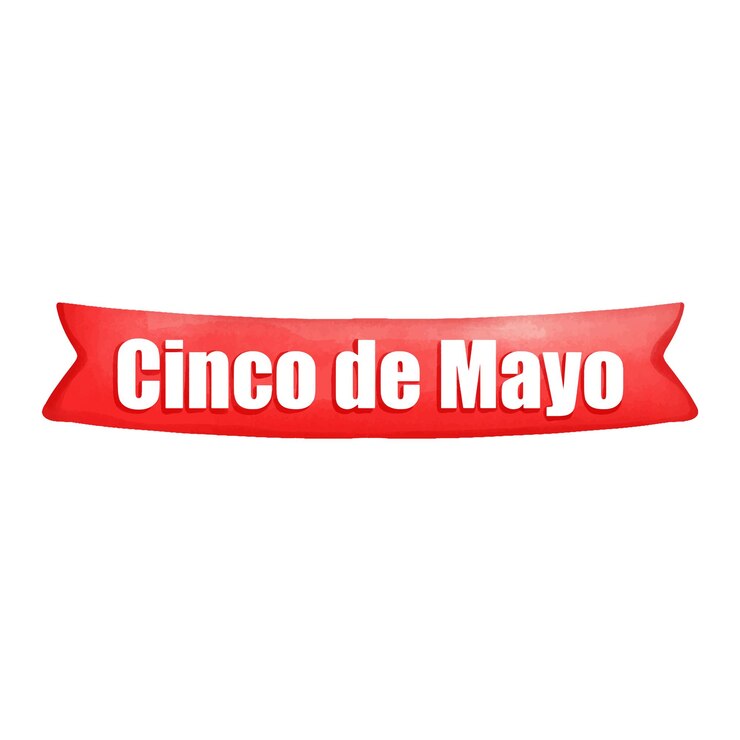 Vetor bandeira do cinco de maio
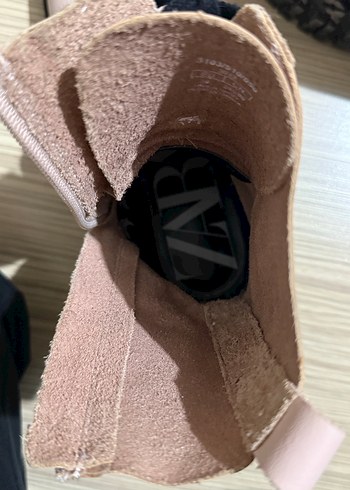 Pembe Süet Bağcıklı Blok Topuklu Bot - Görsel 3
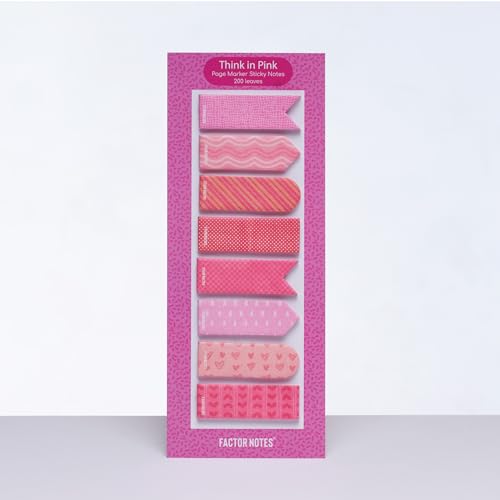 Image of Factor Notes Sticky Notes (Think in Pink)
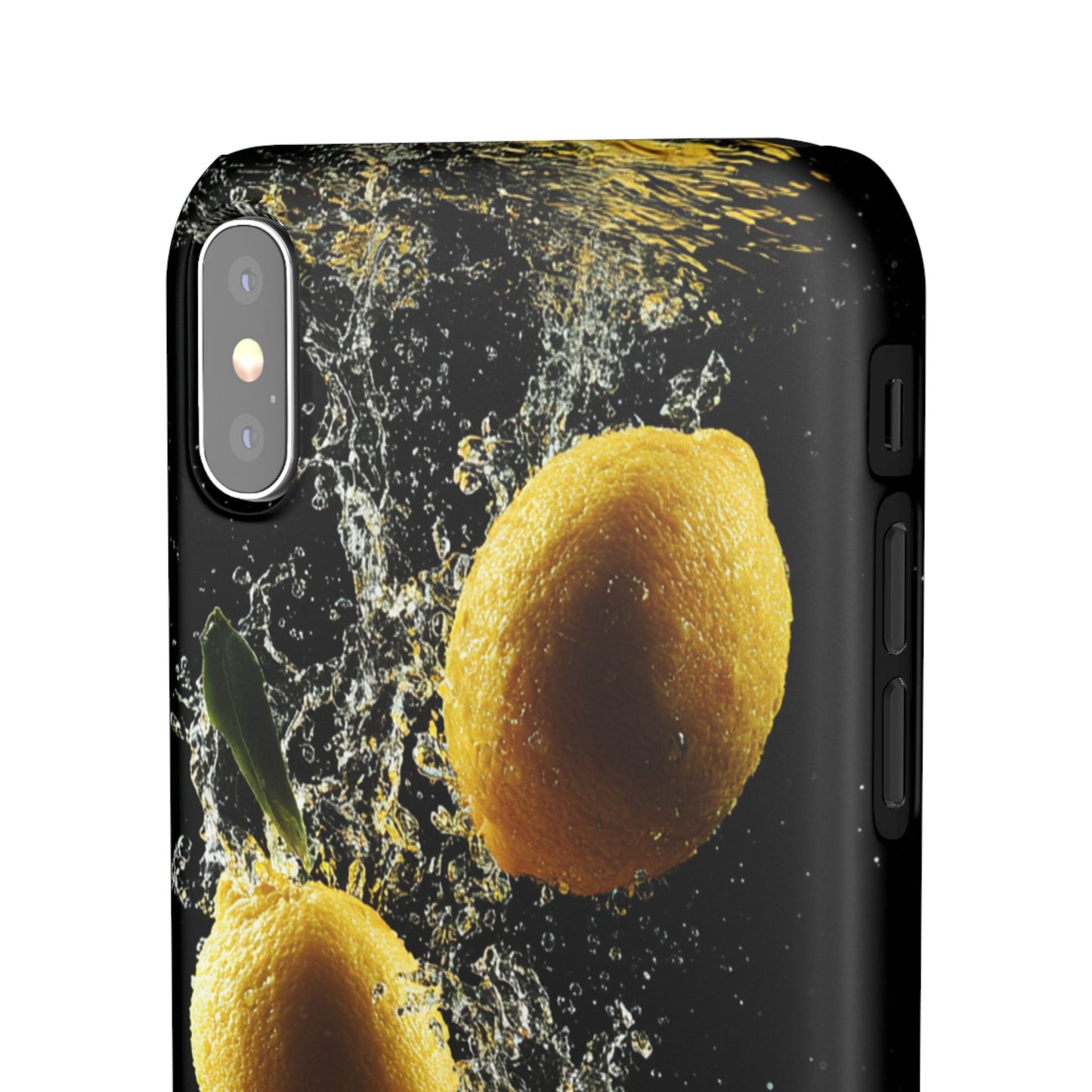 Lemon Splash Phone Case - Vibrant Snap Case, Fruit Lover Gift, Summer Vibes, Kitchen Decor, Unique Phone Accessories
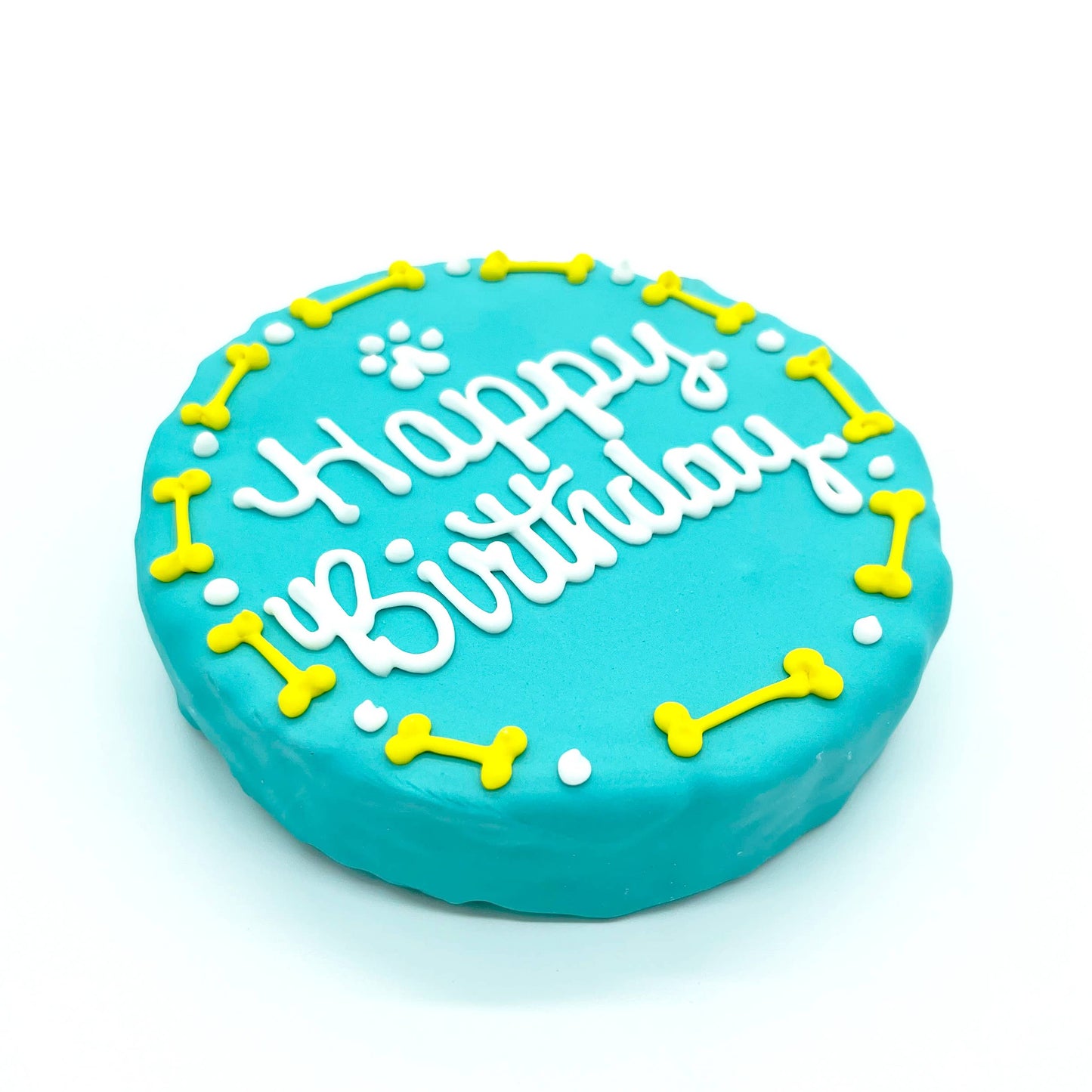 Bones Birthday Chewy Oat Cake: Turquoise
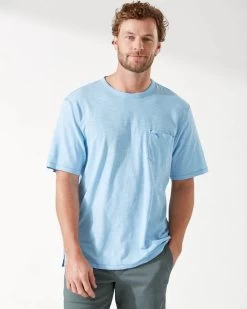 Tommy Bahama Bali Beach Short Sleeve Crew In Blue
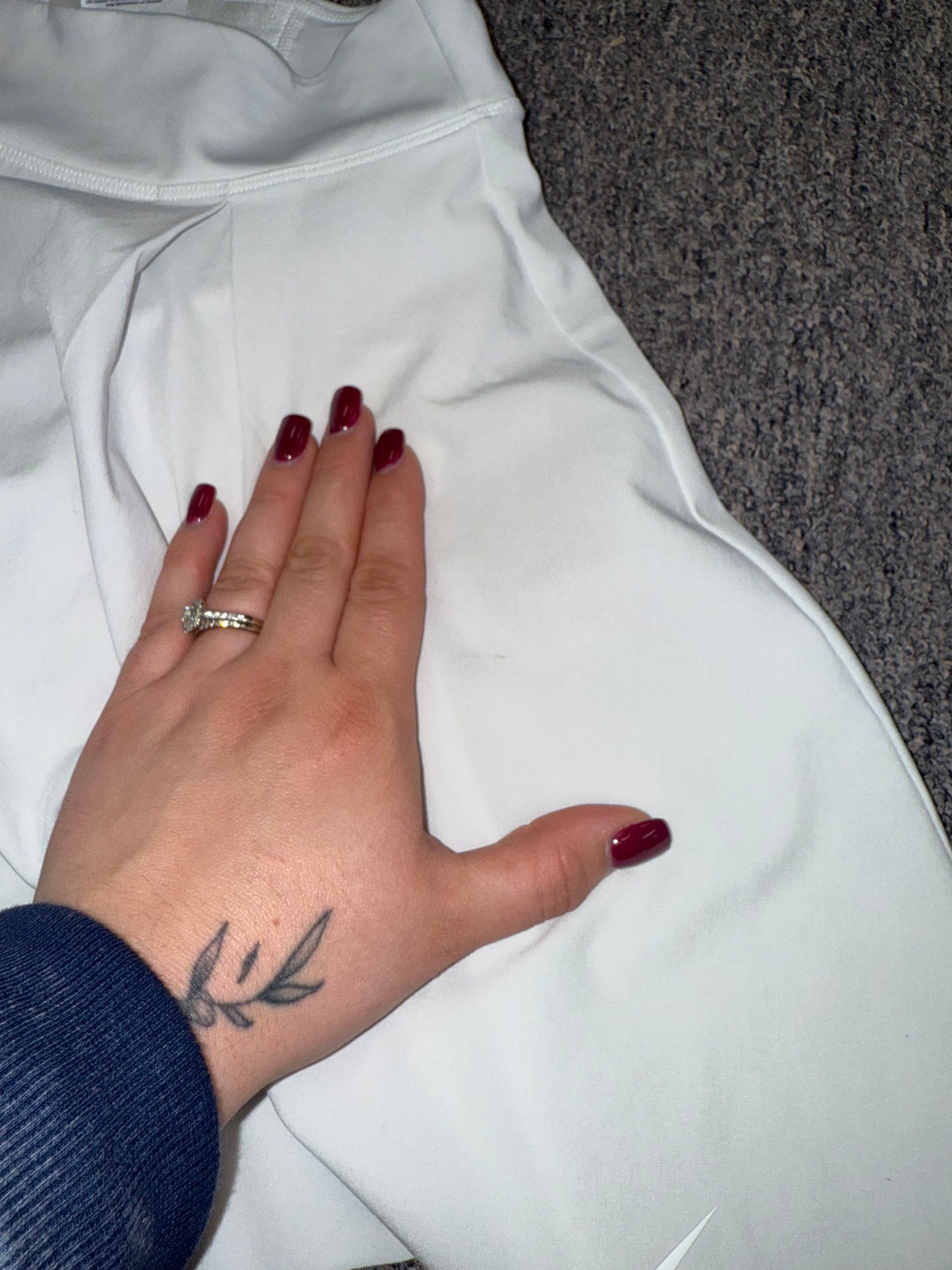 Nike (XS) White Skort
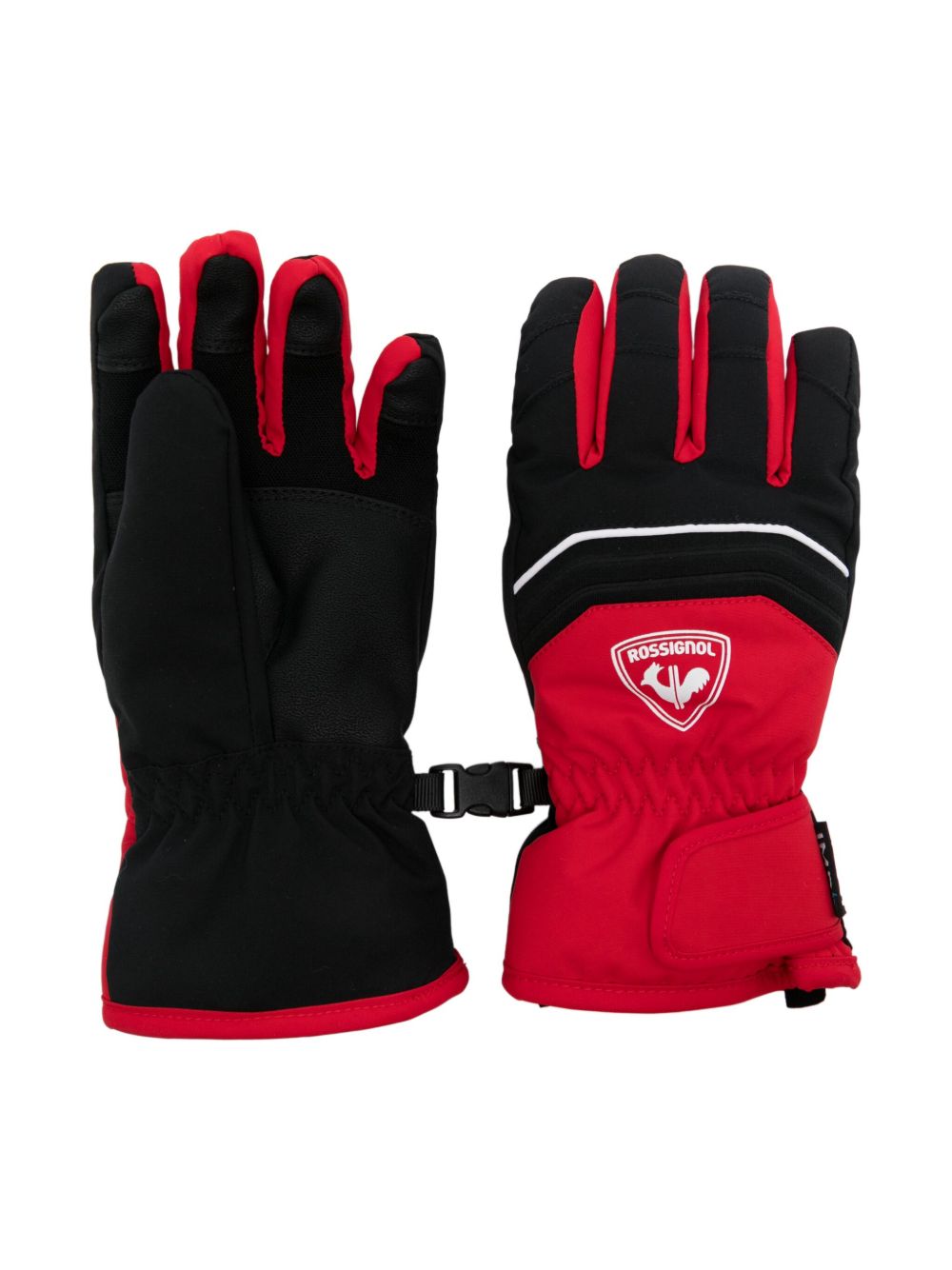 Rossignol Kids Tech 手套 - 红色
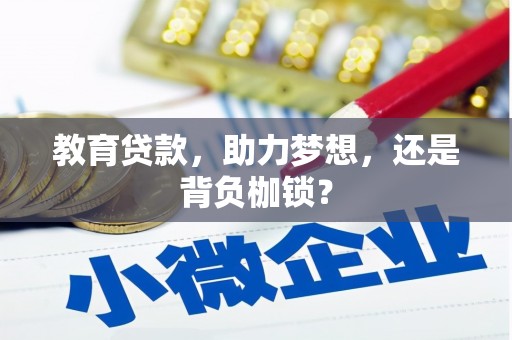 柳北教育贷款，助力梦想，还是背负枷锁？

**WHAT TO DO:**
Reproduce the material above in full and without alteration, but skip all pictures.

**EXERCISE RESPONSE:**
 Vetor bandeira do cinco de maio
 Pembe Süet Bağcıklı Blok Topuklu Bot - Görsel 3
 Image of Factor Notes Sticky Notes (Think in Pink)
 Lemon Splash Phone Case - Vibrant Snap Case, Fruit Lover Gift, Summer Vibes, Kitchen Decor, Unique Phone Accessories
 Bones Birthday Chewy Oat Cake: Turquoise
 Tommy Bahama Bali Beach Short Sleeve Crew In Blue
 Nike (XS) White Skort
 Rossignol Kids Tech 手套 - 红色
 柳北教育贷款，助力梦想，还是背负枷锁？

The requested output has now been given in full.